Incredibile Pogacar, c’è l’annuncio: c’entra Merckx

Tadej Pogacar e l’annuncio in vista della Milano-Sanremo che lascia tutti senza parole: c’entra anche Merckx

Tadej Pogacar in bici
Incredibile Pogacar, c’è l’annuncio: c’entra Merckx (Ansa Foto) – Giroditaliadonne

E’ il tempo della Milano-Sanremo, la 117ma edizione della Classicissima. Una delle corse più attese, quelle che hanno scritto pagine importanti nella storia del ciclismo. E così l’attesa è tutta per chi vincerà questa edizione. La grande curiosità è tutta per lui, Tadej Pogacar. Una sorta di Cannibale 2.0, forse l’erede di Eddy Merckx che in bici non conosceva rivali.

E proprio l’ex campione belga ha notato delle similitudini con sé stesso prima della caduta al Velodromo di Blois nel 1969. “Non vedo tante differenze – ha spiegato Merckx – ha spiegato, c’erano giorni come la Liegi del 1969 o la tappa delle Tre Cime di Lavaredo in cui vincevo con un margine davvero molto ampio e vedo in Tadej la stessa determinazione“.

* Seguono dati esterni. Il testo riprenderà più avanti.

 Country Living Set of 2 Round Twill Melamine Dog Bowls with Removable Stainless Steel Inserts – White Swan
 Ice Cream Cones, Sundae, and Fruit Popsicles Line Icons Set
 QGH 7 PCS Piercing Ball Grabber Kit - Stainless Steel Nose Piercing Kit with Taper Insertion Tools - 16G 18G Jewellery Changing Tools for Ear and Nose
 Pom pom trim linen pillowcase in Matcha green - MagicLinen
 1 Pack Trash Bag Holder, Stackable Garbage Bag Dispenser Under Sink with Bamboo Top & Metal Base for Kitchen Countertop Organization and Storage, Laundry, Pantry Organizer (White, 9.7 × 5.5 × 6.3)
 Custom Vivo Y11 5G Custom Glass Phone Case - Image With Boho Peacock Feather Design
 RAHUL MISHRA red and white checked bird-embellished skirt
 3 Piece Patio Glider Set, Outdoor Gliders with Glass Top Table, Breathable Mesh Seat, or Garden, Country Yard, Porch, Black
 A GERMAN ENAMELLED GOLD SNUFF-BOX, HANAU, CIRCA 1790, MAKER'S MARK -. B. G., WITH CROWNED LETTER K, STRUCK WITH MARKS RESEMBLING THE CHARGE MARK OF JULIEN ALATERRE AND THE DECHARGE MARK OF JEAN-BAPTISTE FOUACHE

C’è però una differenza sostanziale tra i due. Merckx ne ha vinte sette di Milano-Sanremo – nessuno come lui – mentre Pogacar è ancora all’asciutto. Ci ha provato in cinque occasioni e non è andata come lo sloveno sperava.

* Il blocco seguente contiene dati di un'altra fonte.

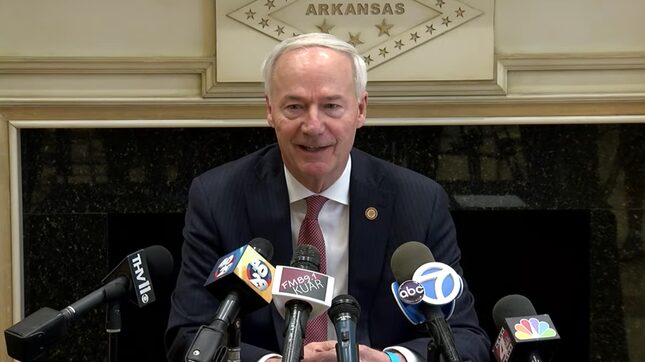 Arkansas Governor Belatedly Realizes Wanting Trans Kids to Die Is Perhaps a Bad Look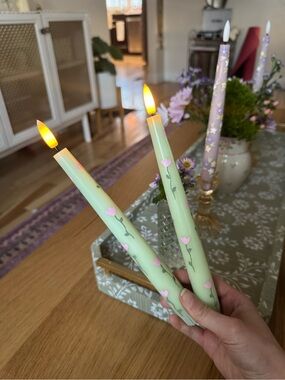 Hand painted battery taper candles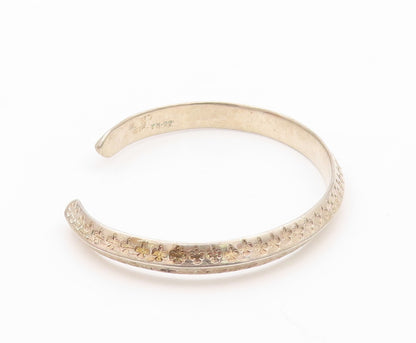 925 Sterling Silver Vintage Bracelet Floral Bands Carved Cuff  BT10788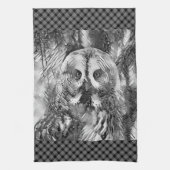AnimalArtBW_Owl_001 Theedoek (Verticaal)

Pogacar e la Milano-Sanremo: il “consiglio” di Merckx

Tadej Pogacar con la maglia iridata di Campione del Mondo
Pogacar e la Milano-Sanremo: il “consiglio” di Merckx (Ansa Foto) – Giroditaliadonne

Lo specialista della Milano-Sanremo è Van Der Poel che ha già vinto due edizioni ed è a caccia del tris. La Sanremo è però imprevedibile ed è una corsa dove può accadere di tutto. Anche Ganna, per Merckx, ha possibilità di vittoria. L’ex campione belga però ha detto la sua sulle possibilità di successo per Pogacar.

“Il Van der Poel che abbiamo visto alla Tirreno-Adriatico che ha vinto due tappe non è facile da battere” ha sentenziato Merckx che a suo modo ha dato un consiglio al campione sloveno. “Tadej deve staccarlo, perché dopo 300 chilometri in via Roma se fossero ancora insieme… il favorito sarebbe Mathieu. La lunga distanza può essere amica dell’olandese. Per Pogacar la volta buona è se attaccherà al momento giusto“.

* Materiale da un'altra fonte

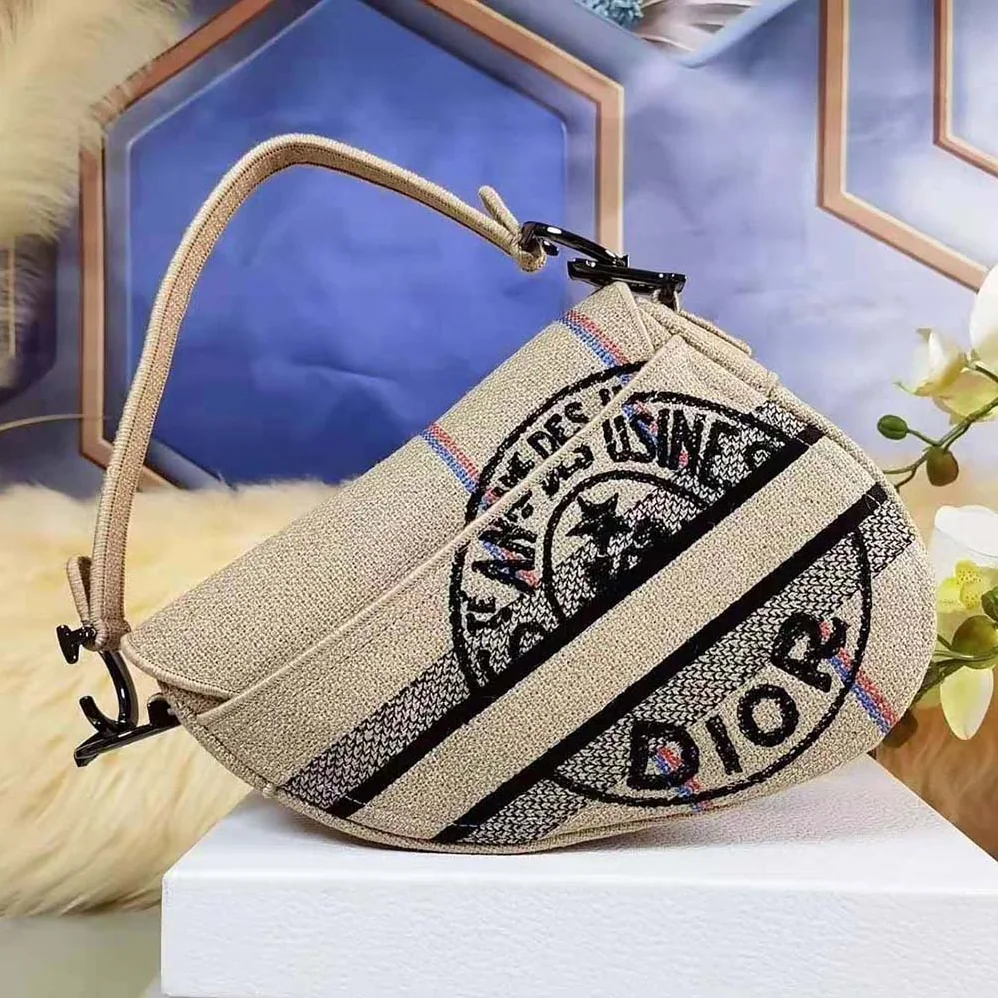 Dior Saddle Bag Beige Jute Canvas Embroidered with Dior Union Motif for Women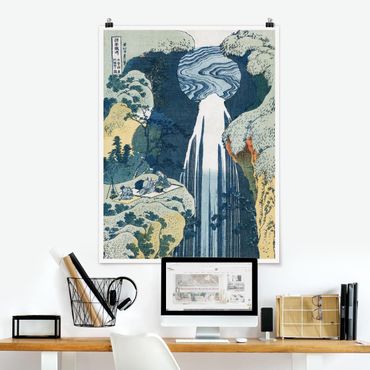 Poster - Katsushika Hokusai - Der Wasserfall von Amida - Hochformat 3:4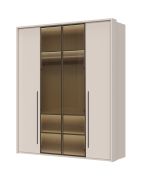 Kleiderschrank mit zwei Glastüren Neiafu 38, Farbe: Kaschmir, Soft-Close-Funktion, inkl. Innenbeleuchtung, neun Einlegeböden, Maße: 224 x 182 x 56 cm
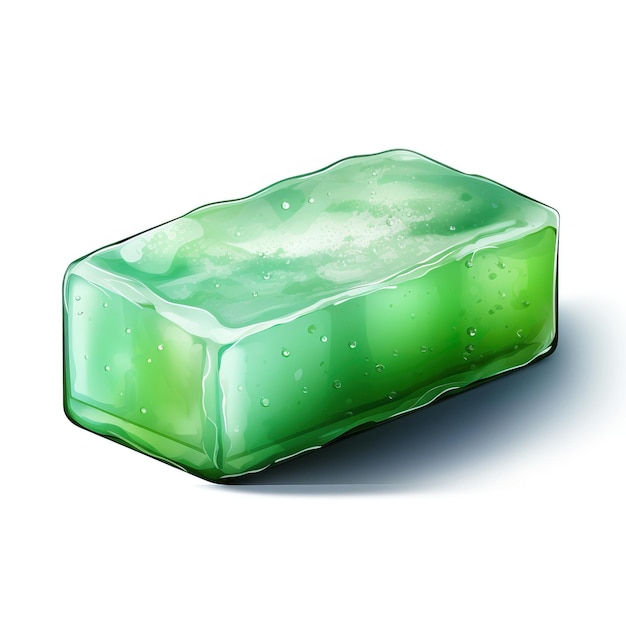 Green color Soap watercolor vector white background isola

Già, ma qual è? E’ lo stesso belga a spiegarlo. “Deve attaccare sul Poggio anche se sulla Cipressa può staccare tutti. Lo scorso anno solo Ganna e Van der Poel sono stati capaci di restare con lui. Pogacar è capace di fare fughe lunghe, però alla Sanremo aumenta la possibilità che ti possano riprendere. E se sulla Cipressa ci fosse forte vento contro, fare la differenza diventerebbe molto difficile. Nonostante sia Tadej Pogacar”.